[WORK TASK]
Every entry must be echoed exactly.
RECORDS FOR THE EXERCISE START
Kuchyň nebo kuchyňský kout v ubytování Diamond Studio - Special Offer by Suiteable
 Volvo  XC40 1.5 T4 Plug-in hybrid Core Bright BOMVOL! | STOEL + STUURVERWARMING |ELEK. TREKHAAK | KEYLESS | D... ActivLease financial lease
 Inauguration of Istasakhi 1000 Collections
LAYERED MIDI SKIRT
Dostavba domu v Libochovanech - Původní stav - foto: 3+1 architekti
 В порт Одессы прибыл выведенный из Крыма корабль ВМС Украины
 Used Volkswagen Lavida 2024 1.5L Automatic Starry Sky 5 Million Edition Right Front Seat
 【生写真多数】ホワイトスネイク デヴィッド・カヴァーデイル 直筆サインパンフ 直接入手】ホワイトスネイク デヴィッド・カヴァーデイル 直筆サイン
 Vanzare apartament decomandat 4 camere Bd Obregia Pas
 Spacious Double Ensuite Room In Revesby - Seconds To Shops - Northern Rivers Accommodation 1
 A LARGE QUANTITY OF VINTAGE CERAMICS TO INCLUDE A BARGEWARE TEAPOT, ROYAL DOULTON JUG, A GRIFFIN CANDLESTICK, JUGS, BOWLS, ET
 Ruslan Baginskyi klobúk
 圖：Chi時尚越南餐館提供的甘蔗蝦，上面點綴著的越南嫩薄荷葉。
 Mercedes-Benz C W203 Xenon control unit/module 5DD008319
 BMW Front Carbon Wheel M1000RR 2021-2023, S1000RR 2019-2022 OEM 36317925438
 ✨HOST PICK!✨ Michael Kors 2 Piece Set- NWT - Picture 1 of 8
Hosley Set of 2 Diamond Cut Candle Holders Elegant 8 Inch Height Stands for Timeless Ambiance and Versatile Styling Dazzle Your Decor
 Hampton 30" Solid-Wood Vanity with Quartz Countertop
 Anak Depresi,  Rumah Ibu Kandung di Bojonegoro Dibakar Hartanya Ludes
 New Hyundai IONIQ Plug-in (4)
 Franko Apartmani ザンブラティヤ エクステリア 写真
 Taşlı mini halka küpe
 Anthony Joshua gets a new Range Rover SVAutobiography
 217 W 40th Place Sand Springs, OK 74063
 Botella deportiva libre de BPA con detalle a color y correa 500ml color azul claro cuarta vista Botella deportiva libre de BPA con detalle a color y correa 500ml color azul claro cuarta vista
RECORDS FOR THE EXERCISE END
[SOLUTION FOR THIS EXERCISE]
Kuchyň nebo kuchyňský kout v ubytování Diamond Studio - Special Offer by Suiteable
 Volvo  XC40 1.5 T4 Plug-in hybrid Core Bright BOMVOL! | STOEL + STUURVERWARMING |ELEK. TREKHAAK | KEYLESS | D... ActivLease financial lease
 Inauguration of Istasakhi 1000 Collections
LAYERED MIDI SKIRT
Dostavba domu v Libochovanech - Původní stav - foto: 3+1 architekti
 В порт Одессы прибыл выведенный из Крыма корабль ВМС Украины
 Used Volkswagen Lavida 2024 1.5L Automatic Starry Sky 5 Million Edition Right Front Seat
 【生写真多数】ホワイトスネイク デヴィッド・カヴァーデイル 直筆サインパンフ 直接入手】ホワイトスネイク デヴィッド・カヴァーデイル 直筆サイン
 Vanzare apartament decomandat 4 camere Bd Obregia Pas
 Spacious Double Ensuite Room In Revesby - Seconds To Shops - Northern Rivers Accommodation 1
 A LARGE QUANTITY OF VINTAGE CERAMICS TO INCLUDE A BARGEWARE TEAPOT, ROYAL DOULTON JUG, A GRIFFIN CANDLESTICK, JUGS, BOWLS, ET
 Ruslan Baginskyi klobúk
 圖：Chi時尚越南餐館提供的甘蔗蝦，上面點綴著的越南嫩薄荷葉。
 Mercedes-Benz C W203 Xenon control unit/module 5DD008319
 BMW Front Carbon Wheel M1000RR 2021-2023, S1000RR 2019-2022 OEM 36317925438
 ✨HOST PICK!✨ Michael Kors 2 Piece Set- NWT - Picture 1 of 8
Hosley Set of 2 Diamond Cut Candle Holders Elegant 8 Inch Height Stands for Timeless Ambiance and Versatile Styling Dazzle Your Decor
 Hampton 30" Solid-Wood Vanity with Quartz Countertop
 Anak Depresi,  Rumah Ibu Kandung di Bojonegoro Dibakar Hartanya Ludes
 New Hyundai IONIQ Plug-in (4)
 Franko Apartmani ザンブラティヤ エクステリア 写真
 Taşlı mini halka küpe
 Anthony Joshua gets a new Range Rover SVAutobiography
 217 W 40th Place Sand Springs, OK 74063
 Botella deportiva libre de BPA con detalle a color y correa 500ml color azul claro cuarta vista Botella deportiva libre de BPA con detalle a color y correa 500ml color azul claro cuarta vista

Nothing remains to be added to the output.